Problem to work on: An exact restatement of the entire listing is needed, excluding all images.

Data:
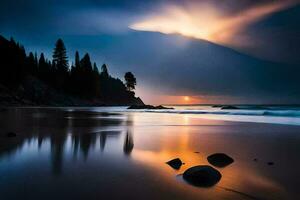 ein schön Sonnenuntergang Über das Ozean mit Felsen auf das Strand. KI-generiert foto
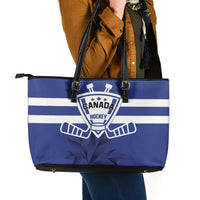 Canada Hockey Team Leather Tote Bag Maple Leaf Blue Version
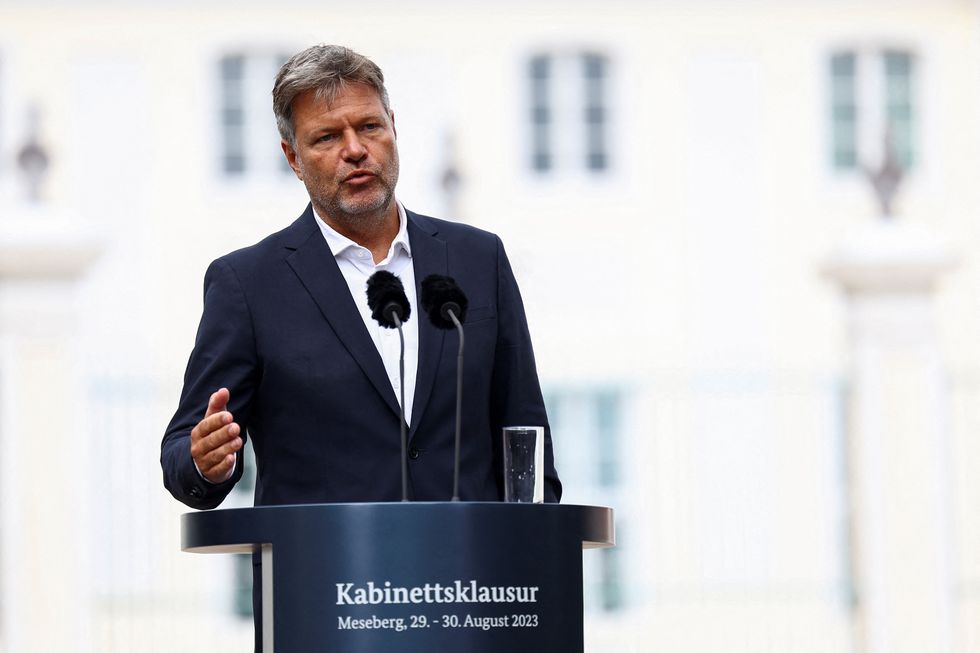 Climate Minister Robert Habeck attends a press conference after a closed cabinet meeting at Schloss Meseberg, near Gransee, Germany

Answer section:
 ein schön Sonnenuntergang Über das Ozean mit Felsen auf das Strand. KI-generiert foto
 Canada Hockey Team Leather Tote Bag Maple Leaf Blue Version
 Climate Minister Robert Habeck attends a press conference after a closed cabinet meeting at Schloss Meseberg, near Gransee, Germany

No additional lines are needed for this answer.